Their story is very moving and at times quite heart-breaking but they deliver a unique kind of humor that has helped them to stay strong and independent.
They take music seriously but most importantly to heart. There’s a chapter where Ann and Nancy focused on the power behind the music of the Beatles.
The sisters were excited, almost like scholars, studying them, searching for meaning and identity.
They were swept away with the British invasion. They wanted to be the Beatles, not the girlfriends or wives of the Fab Four.
Those other screaming girls would work themselves up into a frenzied trance, while the Wilson sisters wanted to imitate the Beatles.
The sisters wanted to compose their own songs, sing them and play their own instruments up front and in the lead.
Their story is really about family, the close ties shared by three sisters, Lynn, the eldest, Nancy and Ann; their parents, Lou Mary Dustin and John; plus many who were associated in some way with the band throughout the years.
It’s interesting to see how the sisters and different individuals, band members, managers, producers, relatives and friends – all took part in authoring sections of the book.
They present their own recollections of past events that had an effect on the sisters’ personal lives, involvement with the band, being brave in having to move frequently due to their father serving in the Marines, overcoming childhood battles - such as Ann’s stuttering and weight issues, divorce, drugs and alcoholism.

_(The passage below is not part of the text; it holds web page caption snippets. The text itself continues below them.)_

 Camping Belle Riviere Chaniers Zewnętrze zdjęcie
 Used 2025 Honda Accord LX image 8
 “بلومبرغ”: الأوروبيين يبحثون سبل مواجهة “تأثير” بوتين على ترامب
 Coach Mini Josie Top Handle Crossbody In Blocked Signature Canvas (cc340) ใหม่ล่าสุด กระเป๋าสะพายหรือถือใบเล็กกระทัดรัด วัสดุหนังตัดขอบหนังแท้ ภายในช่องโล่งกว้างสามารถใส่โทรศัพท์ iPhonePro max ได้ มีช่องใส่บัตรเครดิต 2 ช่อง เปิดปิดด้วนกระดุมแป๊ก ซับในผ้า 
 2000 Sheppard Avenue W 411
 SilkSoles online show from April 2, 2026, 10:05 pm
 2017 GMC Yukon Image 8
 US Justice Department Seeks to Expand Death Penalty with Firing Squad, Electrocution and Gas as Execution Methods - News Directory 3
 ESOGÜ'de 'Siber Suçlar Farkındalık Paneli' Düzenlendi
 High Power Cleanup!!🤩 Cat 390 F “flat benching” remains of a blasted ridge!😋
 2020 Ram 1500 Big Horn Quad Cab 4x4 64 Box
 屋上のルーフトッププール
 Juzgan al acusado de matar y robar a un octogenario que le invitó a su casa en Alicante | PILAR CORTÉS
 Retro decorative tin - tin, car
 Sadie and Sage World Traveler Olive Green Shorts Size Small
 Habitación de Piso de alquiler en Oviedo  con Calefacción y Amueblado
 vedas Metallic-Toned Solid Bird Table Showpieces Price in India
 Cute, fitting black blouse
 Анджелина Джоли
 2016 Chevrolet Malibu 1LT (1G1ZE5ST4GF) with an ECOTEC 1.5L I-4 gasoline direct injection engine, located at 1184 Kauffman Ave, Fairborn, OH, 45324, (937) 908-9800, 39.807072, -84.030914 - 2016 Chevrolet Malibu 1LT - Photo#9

Heart always impresses me personally. Their influences are many, especially worshipping Led Zeppelin, it has been said that Ann can belt out any song as great as Robert Plant can, and honoring them by recording many Led Zeppelin’s cover songs on Heart albums.
The entire Heart crew has matured from an obscure band that got its start in Vancouver, to a group that has composed many memorable songs, such as “Crazy on You,” “Alone,” “Magic Man,” “Heartless,” “Barracuda,” “Dreamboat Annie” and other numerous hits.
The Wilson sisters will never forget their early beginnings opening for Rod Stewart, The Rolling Stones and additional rock bands.
From the 1970s to the present, Heart is one group that has always listened to the beat of a distant drum and never feared going against the flow.
Cheers also to the Wilson sisters and Heart for the honor of being inducted into the Rock and Roll Hall of Fame.
Fans can catch the ceremony that originally took place last month when it airs May 18 on HBO.
Carol A. Wright is a freelance writer and a former Manhattan resident.